▶ **REQUIRED WORK**
Among the entries below, only the lines from the one with "California City Clerk" through the one with "Blonde woman standing" are wanted, reproduced exactly. Pictures are not wanted.

▶ **SUPPLIED ENTRIES**
• • • • • • •

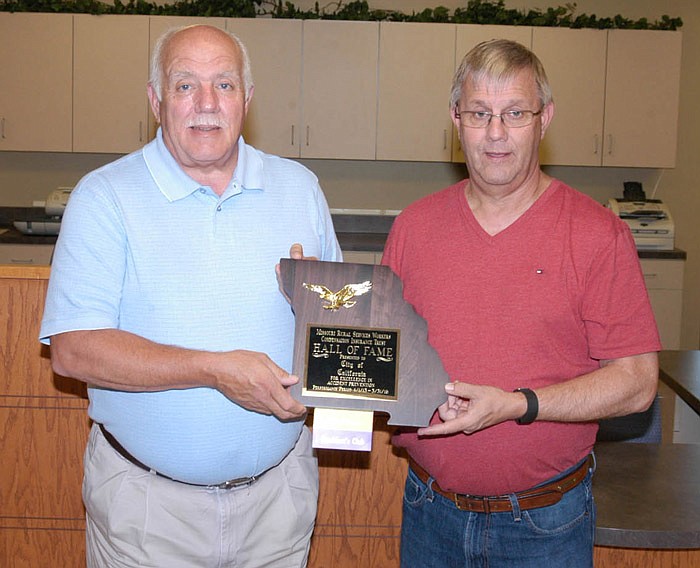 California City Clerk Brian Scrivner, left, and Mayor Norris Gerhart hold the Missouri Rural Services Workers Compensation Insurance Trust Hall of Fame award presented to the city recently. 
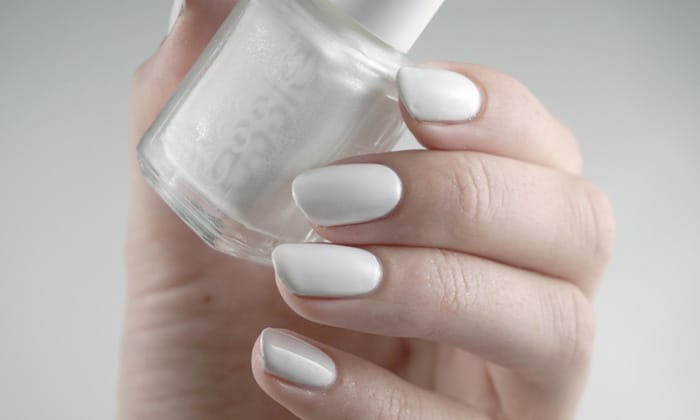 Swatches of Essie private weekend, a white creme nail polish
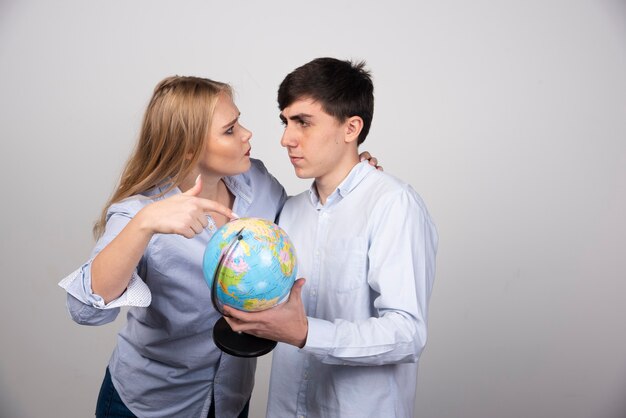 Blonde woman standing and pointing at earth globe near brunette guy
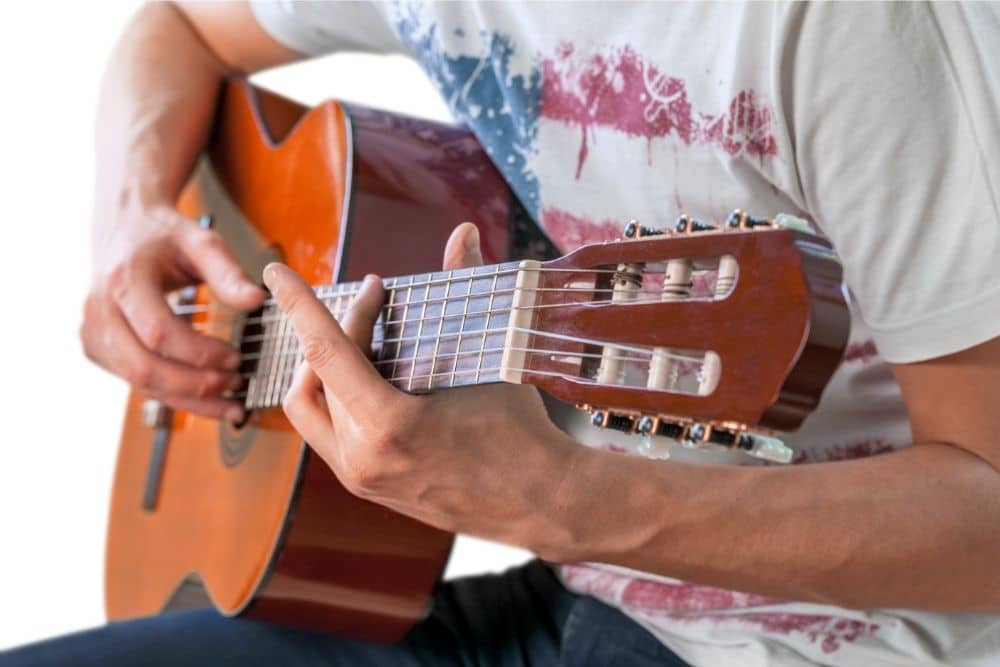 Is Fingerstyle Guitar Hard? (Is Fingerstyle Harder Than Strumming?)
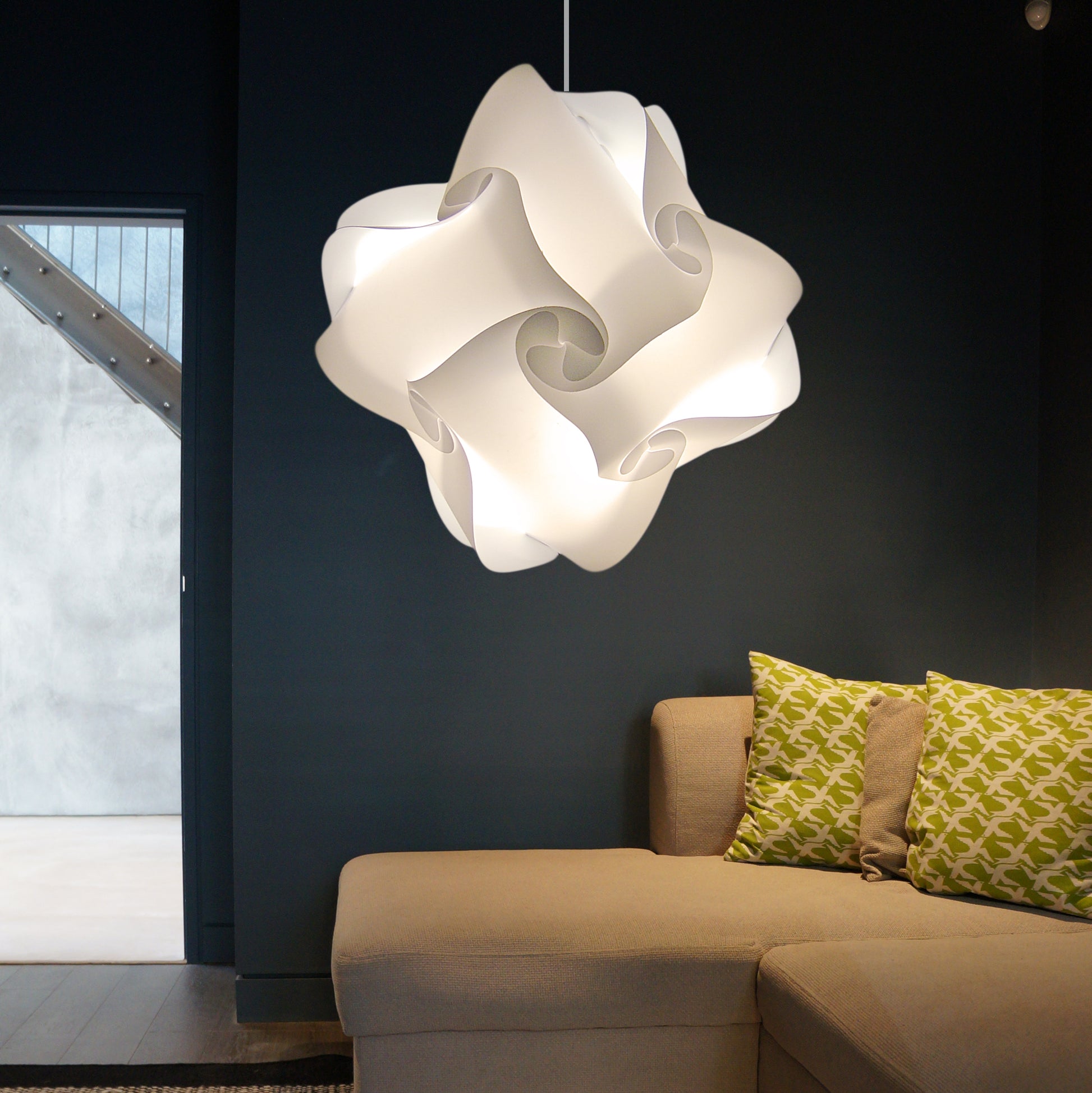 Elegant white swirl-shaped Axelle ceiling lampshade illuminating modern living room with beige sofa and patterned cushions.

• • • • • • •

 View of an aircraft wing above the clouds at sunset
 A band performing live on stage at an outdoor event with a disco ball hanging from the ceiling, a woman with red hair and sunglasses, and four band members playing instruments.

• • • • • • •

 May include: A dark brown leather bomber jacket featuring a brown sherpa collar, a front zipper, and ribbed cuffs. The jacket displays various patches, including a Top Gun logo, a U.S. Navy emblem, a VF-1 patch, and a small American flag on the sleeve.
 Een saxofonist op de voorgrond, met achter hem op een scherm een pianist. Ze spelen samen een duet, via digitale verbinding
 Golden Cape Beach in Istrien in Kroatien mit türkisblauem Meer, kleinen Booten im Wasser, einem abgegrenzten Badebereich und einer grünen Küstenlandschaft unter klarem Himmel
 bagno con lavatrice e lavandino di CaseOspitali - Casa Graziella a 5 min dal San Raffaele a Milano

• • • • • • •

▶ **EXERCISE RESPONSE**
 California City Clerk Brian Scrivner, left, and Mayor Norris Gerhart hold the Missouri Rural Services Workers Compensation Insurance Trust Hall of Fame award presented to the city recently. 
 Swatches of Essie private weekend, a white creme nail polish
 Blonde woman standing and pointing at earth globe near brunette guy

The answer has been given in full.